#### [Task]
All records are to be retyped faithfully and completely.

--- Data to use ---

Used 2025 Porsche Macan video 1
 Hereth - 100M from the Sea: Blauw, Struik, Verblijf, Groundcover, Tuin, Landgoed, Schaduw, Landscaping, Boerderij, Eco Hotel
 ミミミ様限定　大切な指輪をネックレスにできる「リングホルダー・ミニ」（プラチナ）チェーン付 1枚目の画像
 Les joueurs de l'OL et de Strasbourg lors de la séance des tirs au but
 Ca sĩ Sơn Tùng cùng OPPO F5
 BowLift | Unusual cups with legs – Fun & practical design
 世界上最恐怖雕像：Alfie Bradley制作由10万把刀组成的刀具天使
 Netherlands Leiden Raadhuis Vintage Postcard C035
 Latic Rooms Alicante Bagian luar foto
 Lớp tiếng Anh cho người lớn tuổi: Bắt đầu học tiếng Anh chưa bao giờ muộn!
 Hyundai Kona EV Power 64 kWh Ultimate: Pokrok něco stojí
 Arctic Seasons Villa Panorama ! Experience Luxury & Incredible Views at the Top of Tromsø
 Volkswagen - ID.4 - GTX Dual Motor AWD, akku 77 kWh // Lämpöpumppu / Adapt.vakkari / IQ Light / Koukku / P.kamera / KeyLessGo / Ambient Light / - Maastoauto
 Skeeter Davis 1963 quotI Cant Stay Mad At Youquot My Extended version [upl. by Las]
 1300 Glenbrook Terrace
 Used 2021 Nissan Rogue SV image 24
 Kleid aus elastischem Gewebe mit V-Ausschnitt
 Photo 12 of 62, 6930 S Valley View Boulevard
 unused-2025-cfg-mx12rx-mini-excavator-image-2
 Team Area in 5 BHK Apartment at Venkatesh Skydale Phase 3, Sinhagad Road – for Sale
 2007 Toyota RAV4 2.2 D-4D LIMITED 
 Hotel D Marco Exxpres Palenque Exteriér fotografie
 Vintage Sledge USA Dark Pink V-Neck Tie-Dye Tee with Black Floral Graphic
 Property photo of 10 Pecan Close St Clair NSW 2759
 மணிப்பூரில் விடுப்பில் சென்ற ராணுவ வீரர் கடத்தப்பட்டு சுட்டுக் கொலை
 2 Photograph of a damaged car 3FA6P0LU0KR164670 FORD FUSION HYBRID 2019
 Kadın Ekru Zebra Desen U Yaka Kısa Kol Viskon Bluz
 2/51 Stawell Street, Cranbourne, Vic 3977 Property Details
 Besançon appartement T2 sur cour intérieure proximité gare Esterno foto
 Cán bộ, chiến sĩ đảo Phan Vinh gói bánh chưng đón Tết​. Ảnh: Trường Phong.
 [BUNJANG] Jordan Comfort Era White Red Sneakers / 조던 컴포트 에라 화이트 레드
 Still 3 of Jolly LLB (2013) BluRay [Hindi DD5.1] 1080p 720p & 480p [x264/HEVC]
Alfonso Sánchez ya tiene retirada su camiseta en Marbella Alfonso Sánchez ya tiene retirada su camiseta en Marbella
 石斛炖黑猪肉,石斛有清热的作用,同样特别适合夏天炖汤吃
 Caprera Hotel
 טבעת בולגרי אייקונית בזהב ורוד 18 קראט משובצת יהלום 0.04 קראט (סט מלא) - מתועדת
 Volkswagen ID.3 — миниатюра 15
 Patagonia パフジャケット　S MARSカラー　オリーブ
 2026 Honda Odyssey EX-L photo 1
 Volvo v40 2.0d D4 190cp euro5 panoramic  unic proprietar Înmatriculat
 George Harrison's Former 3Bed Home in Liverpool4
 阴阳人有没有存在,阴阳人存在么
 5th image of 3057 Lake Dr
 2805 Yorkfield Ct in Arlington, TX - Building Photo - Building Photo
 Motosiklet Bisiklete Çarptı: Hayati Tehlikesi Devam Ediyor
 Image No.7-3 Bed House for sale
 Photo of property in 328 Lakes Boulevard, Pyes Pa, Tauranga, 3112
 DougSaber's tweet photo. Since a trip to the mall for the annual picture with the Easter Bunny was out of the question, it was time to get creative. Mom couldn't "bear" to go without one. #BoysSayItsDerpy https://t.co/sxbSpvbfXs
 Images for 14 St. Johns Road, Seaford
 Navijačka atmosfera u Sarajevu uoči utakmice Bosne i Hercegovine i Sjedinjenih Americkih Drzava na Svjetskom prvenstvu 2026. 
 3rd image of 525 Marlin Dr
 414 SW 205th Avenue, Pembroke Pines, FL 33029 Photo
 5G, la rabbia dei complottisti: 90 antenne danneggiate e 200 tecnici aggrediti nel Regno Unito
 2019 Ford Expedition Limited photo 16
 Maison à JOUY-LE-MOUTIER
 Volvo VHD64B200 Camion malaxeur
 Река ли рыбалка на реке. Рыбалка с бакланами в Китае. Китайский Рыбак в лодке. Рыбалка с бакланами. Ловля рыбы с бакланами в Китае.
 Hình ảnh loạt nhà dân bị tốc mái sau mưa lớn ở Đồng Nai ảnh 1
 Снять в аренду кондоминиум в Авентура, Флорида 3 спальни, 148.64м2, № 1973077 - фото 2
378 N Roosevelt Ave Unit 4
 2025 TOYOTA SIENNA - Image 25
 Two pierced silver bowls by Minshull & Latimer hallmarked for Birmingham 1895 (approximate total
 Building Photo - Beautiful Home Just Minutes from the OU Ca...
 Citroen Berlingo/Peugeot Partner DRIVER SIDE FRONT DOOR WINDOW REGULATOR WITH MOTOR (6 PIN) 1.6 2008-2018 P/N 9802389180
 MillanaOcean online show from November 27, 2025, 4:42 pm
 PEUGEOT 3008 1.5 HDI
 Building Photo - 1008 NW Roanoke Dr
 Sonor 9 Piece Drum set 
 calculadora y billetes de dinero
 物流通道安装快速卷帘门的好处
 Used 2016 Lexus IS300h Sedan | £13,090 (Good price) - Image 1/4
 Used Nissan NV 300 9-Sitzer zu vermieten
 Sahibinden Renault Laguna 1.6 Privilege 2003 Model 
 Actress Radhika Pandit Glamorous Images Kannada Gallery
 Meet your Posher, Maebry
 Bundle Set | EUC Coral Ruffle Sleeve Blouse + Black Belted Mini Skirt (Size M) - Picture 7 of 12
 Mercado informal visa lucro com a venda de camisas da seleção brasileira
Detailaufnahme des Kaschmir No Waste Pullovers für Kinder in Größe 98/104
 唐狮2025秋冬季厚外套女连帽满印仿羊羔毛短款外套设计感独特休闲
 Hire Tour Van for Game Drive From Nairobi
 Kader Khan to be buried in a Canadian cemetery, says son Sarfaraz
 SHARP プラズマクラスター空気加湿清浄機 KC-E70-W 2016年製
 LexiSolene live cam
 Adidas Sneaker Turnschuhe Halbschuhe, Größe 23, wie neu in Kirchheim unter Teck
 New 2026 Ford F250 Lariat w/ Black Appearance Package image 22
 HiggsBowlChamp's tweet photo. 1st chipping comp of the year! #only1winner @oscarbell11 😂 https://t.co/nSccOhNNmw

---

#### [Solution]
Used 2025 Porsche Macan video 1
 Hereth - 100M from the Sea: Blauw, Struik, Verblijf, Groundcover, Tuin, Landgoed, Schaduw, Landscaping, Boerderij, Eco Hotel
 ミミミ様限定　大切な指輪をネックレスにできる「リングホルダー・ミニ」（プラチナ）チェーン付 1枚目の画像
 Les joueurs de l'OL et de Strasbourg lors de la séance des tirs au but
 Ca sĩ Sơn Tùng cùng OPPO F5
 BowLift | Unusual cups with legs – Fun & practical design
 世界上最恐怖雕像：Alfie Bradley制作由10万把刀组成的刀具天使
 Netherlands Leiden Raadhuis Vintage Postcard C035
 Latic Rooms Alicante Bagian luar foto
 Lớp tiếng Anh cho người lớn tuổi: Bắt đầu học tiếng Anh chưa bao giờ muộn!
 Hyundai Kona EV Power 64 kWh Ultimate: Pokrok něco stojí
 Arctic Seasons Villa Panorama ! Experience Luxury & Incredible Views at the Top of Tromsø
 Volkswagen - ID.4 - GTX Dual Motor AWD, akku 77 kWh // Lämpöpumppu / Adapt.vakkari / IQ Light / Koukku / P.kamera / KeyLessGo / Ambient Light / - Maastoauto
 Skeeter Davis 1963 quotI Cant Stay Mad At Youquot My Extended version [upl. by Las]
 1300 Glenbrook Terrace
 Used 2021 Nissan Rogue SV image 24
 Kleid aus elastischem Gewebe mit V-Ausschnitt
 Photo 12 of 62, 6930 S Valley View Boulevard
 unused-2025-cfg-mx12rx-mini-excavator-image-2
 Team Area in 5 BHK Apartment at Venkatesh Skydale Phase 3, Sinhagad Road – for Sale
 2007 Toyota RAV4 2.2 D-4D LIMITED 
 Hotel D Marco Exxpres Palenque Exteriér fotografie
 Vintage Sledge USA Dark Pink V-Neck Tie-Dye Tee with Black Floral Graphic
 Property photo of 10 Pecan Close St Clair NSW 2759
 மணிப்பூரில் விடுப்பில் சென்ற ராணுவ வீரர் கடத்தப்பட்டு சுட்டுக் கொலை
 2 Photograph of a damaged car 3FA6P0LU0KR164670 FORD FUSION HYBRID 2019
 Kadın Ekru Zebra Desen U Yaka Kısa Kol Viskon Bluz
 2/51 Stawell Street, Cranbourne, Vic 3977 Property Details
 Besançon appartement T2 sur cour intérieure proximité gare Esterno foto
 Cán bộ, chiến sĩ đảo Phan Vinh gói bánh chưng đón Tết​. Ảnh: Trường Phong.
 [BUNJANG] Jordan Comfort Era White Red Sneakers / 조던 컴포트 에라 화이트 레드
 Still 3 of Jolly LLB (2013) BluRay [Hindi DD5.1] 1080p 720p & 480p [x264/HEVC]
Alfonso Sánchez ya tiene retirada su camiseta en Marbella Alfonso Sánchez ya tiene retirada su camiseta en Marbella
 石斛炖黑猪肉,石斛有清热的作用,同样特别适合夏天炖汤吃
 Caprera Hotel
 טבעת בולגרי אייקונית בזהב ורוד 18 קראט משובצת יהלום 0.04 קראט (סט מלא) - מתועדת
 Volkswagen ID.3 — миниатюра 15
 Patagonia パフジャケット　S MARSカラー　オリーブ
 2026 Honda Odyssey EX-L photo 1
 Volvo v40 2.0d D4 190cp euro5 panoramic  unic proprietar Înmatriculat
 George Harrison's Former 3Bed Home in Liverpool4
 阴阳人有没有存在,阴阳人存在么
 5th image of 3057 Lake Dr
 2805 Yorkfield Ct in Arlington, TX - Building Photo - Building Photo
 Motosiklet Bisiklete Çarptı: Hayati Tehlikesi Devam Ediyor
 Image No.7-3 Bed House for sale
 Photo of property in 328 Lakes Boulevard, Pyes Pa, Tauranga, 3112
 DougSaber's tweet photo. Since a trip to the mall for the annual picture with the Easter Bunny was out of the question, it was time to get creative. Mom couldn't "bear" to go without one. #BoysSayItsDerpy https://t.co/sxbSpvbfXs
 Images for 14 St. Johns Road, Seaford
 Navijačka atmosfera u Sarajevu uoči utakmice Bosne i Hercegovine i Sjedinjenih Americkih Drzava na Svjetskom prvenstvu 2026. 
 3rd image of 525 Marlin Dr
 414 SW 205th Avenue, Pembroke Pines, FL 33029 Photo
 5G, la rabbia dei complottisti: 90 antenne danneggiate e 200 tecnici aggrediti nel Regno Unito
 2019 Ford Expedition Limited photo 16
 Maison à JOUY-LE-MOUTIER
 Volvo VHD64B200 Camion malaxeur
 Река ли рыбалка на реке. Рыбалка с бакланами в Китае. Китайский Рыбак в лодке. Рыбалка с бакланами. Ловля рыбы с бакланами в Китае.
 Hình ảnh loạt nhà dân bị tốc mái sau mưa lớn ở Đồng Nai ảnh 1
 Снять в аренду кондоминиум в Авентура, Флорида 3 спальни, 148.64м2, № 1973077 - фото 2
378 N Roosevelt Ave Unit 4
 2025 TOYOTA SIENNA - Image 25
 Two pierced silver bowls by Minshull & Latimer hallmarked for Birmingham 1895 (approximate total
 Building Photo - Beautiful Home Just Minutes from the OU Ca...
 Citroen Berlingo/Peugeot Partner DRIVER SIDE FRONT DOOR WINDOW REGULATOR WITH MOTOR (6 PIN) 1.6 2008-2018 P/N 9802389180
 MillanaOcean online show from November 27, 2025, 4:42 pm
 PEUGEOT 3008 1.5 HDI
 Building Photo - 1008 NW Roanoke Dr
 Sonor 9 Piece Drum set 
 calculadora y billetes de dinero
 物流通道安装快速卷帘门的好处
 Used 2016 Lexus IS300h Sedan | £13,090 (Good price) - Image 1/4
 Used Nissan NV 300 9-Sitzer zu vermieten
 Sahibinden Renault Laguna 1.6 Privilege 2003 Model 
 Actress Radhika Pandit Glamorous Images Kannada Gallery
 Meet your Posher, Maebry
 Bundle Set | EUC Coral Ruffle Sleeve Blouse + Black Belted Mini Skirt (Size M) - Picture 7 of 12
 Mercado informal visa lucro com a venda de camisas da seleção brasileira
Detailaufnahme des Kaschmir No Waste Pullovers für Kinder in Größe 98/104
 唐狮2025秋冬季厚外套女连帽满印仿羊羔毛短款外套设计感独特休闲
 Hire Tour Van for Game Drive From Nairobi
 Kader Khan to be buried in a Canadian cemetery, says son Sarfaraz
 SHARP プラズマクラスター空気加湿清浄機 KC-E70-W 2016年製
 LexiSolene live cam
 Adidas Sneaker Turnschuhe Halbschuhe, Größe 23, wie neu in Kirchheim unter Teck
 New 2026 Ford F250 Lariat w/ Black Appearance Package image 22
 HiggsBowlChamp's tweet photo. 1st chipping comp of the year! #only1winner @oscarbell11 😂 https://t.co/nSccOhNNmw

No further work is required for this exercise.